Abstract: The paper discusses the context, substance and likely implications of the European Court of Human Rights' very recent but, in our view, historic decision in the case of Lautsi v. Italy. The article offers an outline of the case and of the decision's motivation, a presentation of the responses, and a brief discussion of its relevance to the similar Romanian case. We examine in some detail the objections leveled against the ruling, track the progress of the Court's relevant jurisprudence on the issue, and suggest some possible consequences.

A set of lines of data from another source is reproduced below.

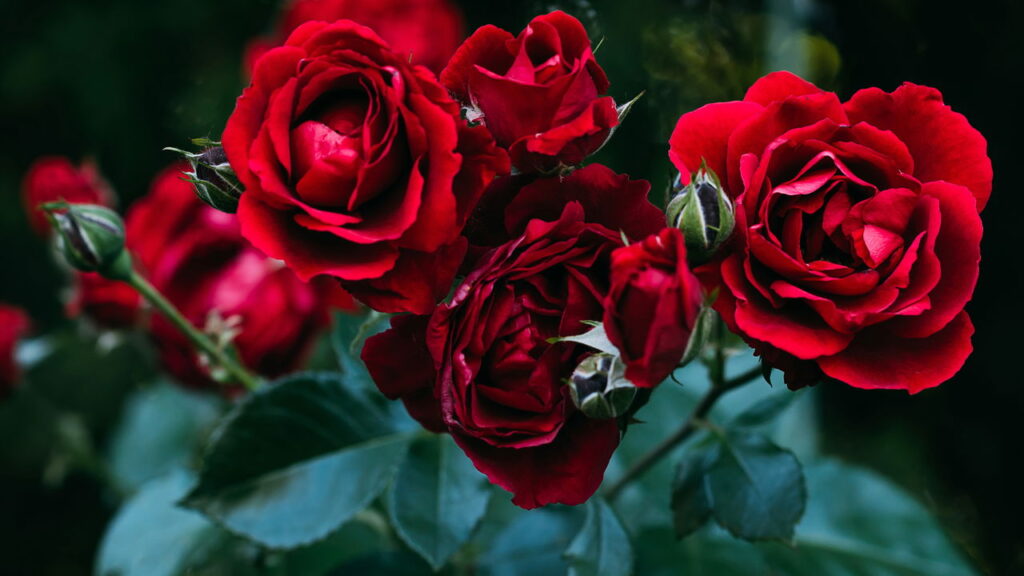 Como as cores das rosas podem influenciar positivamente cada signo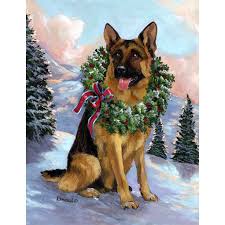 German Shepherd Christmas Photography Christmas Animals Dog Holiday Christmas Dog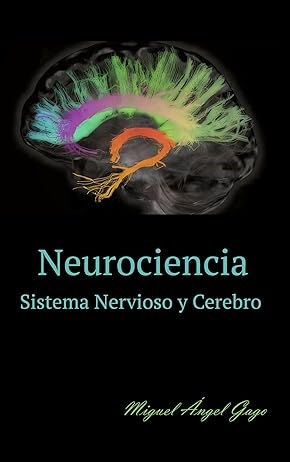 Neurociencia: Sistema Nervioso y Cerebrocerebro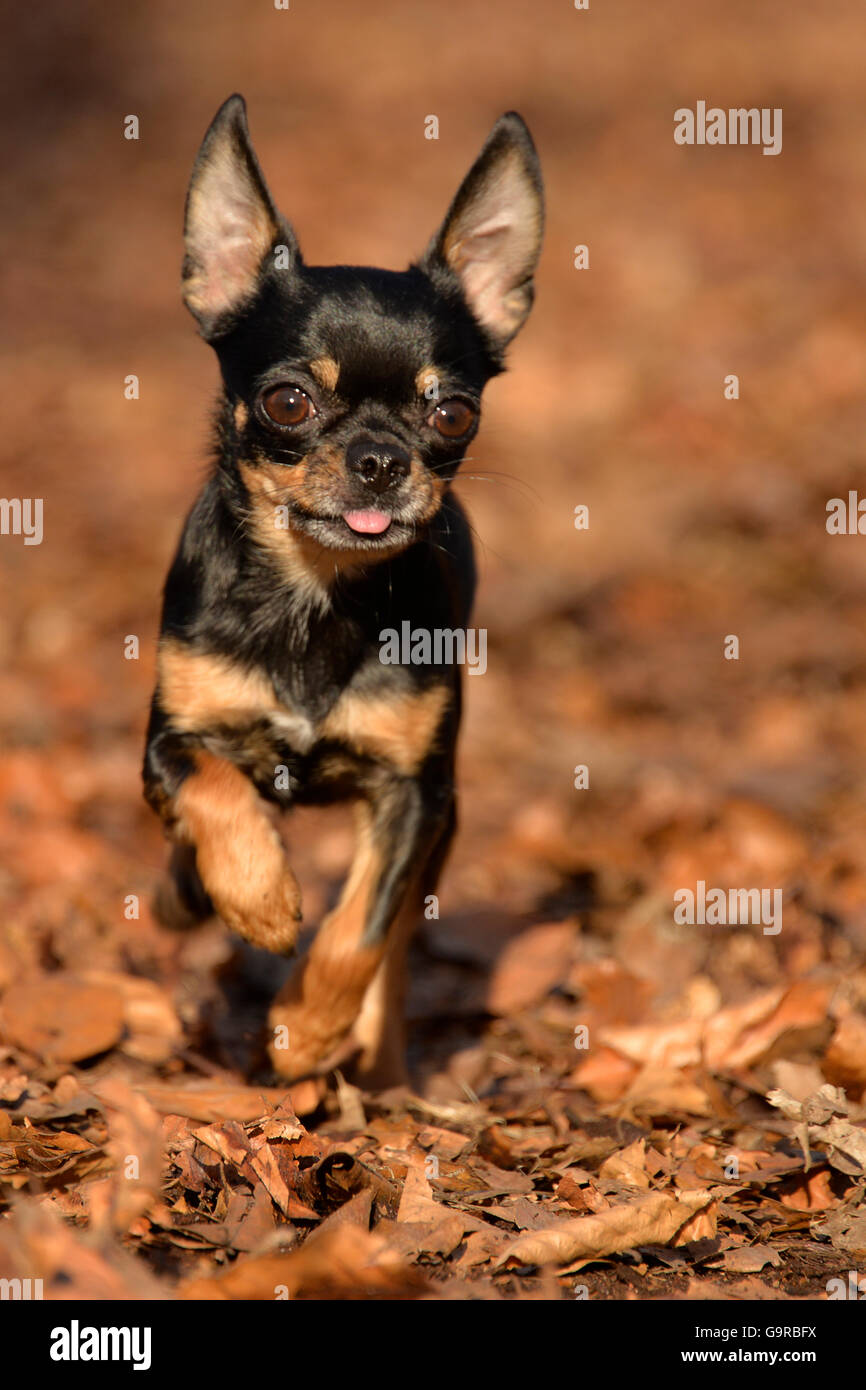 Chihuahua, femelle, noir et feu, adulte, 2 ans Photo Stock - Alamy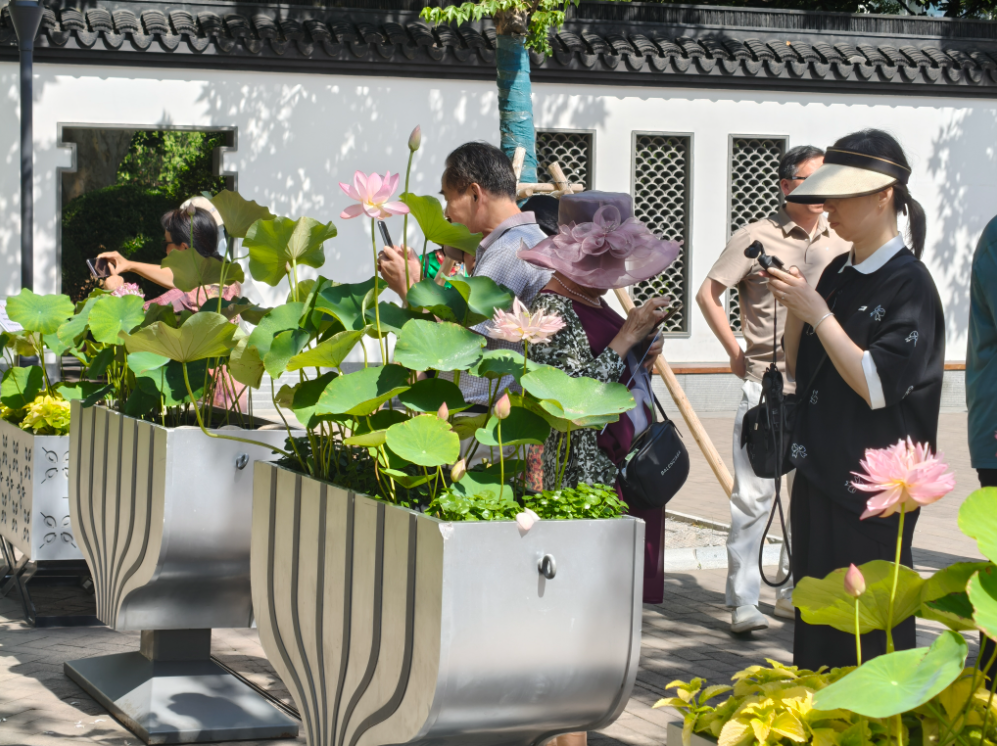 荷莲雅韵绽静安，绿意悠然启新篇——第十二届上海荷花睡莲展静安区分会场开幕式在闸北公园举行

Key Words: freedom of religion, religious manifestations, religious displays, crucifixes, public schools, European Court of Human Rights, rights of the child, margin of appreciation, subsidiarity
The European Court of Human Rights' November 2009 decision in the case of Lautsi v. Italy was bold in more than one way. In declaring the presence of crucifixes in compulsory state schools at odds with the European Convention on Human Rights, the Strasbourg Court confronted the sensibilities of many Europeans. The often virulent reaction of politicians and officials all over Europe could have been anticipated from earlier national experiences, such as, for instance, the responses of German politicians and officials to a somewhat similar 1995 decision by the German Constitutional Court. More importantly, the European Court made a bold step towards meeting head-on the implications of its former rulings in religious freedom cases, and in religious display cases particularly. After all, a respected legal scholar had just scolded the Court, no earlier than in 2009, of superficiality: "So far, referring to the national margin of appreciation is the only answer that the European Court of Human Rights has been giving when the issue of banning religious symbols from the public space is at stake."1
In this paper, we aim to describe the context, substance and likely implications of the historic Lautsi decision. In the first section we provide an outline of the case and of the European Court of Human Rights' judgment. This is followed by a presentation of the responses to the ruling throughout Europe. We then briefly inspect similar decisions in Germany and Romania, as well as a number of arguments raised against the Lautsi decision. Finally, we examine in additional detail the progress of the Court's case law towards the decision that is the subject of this article, and eventually offer our views as to its future implications.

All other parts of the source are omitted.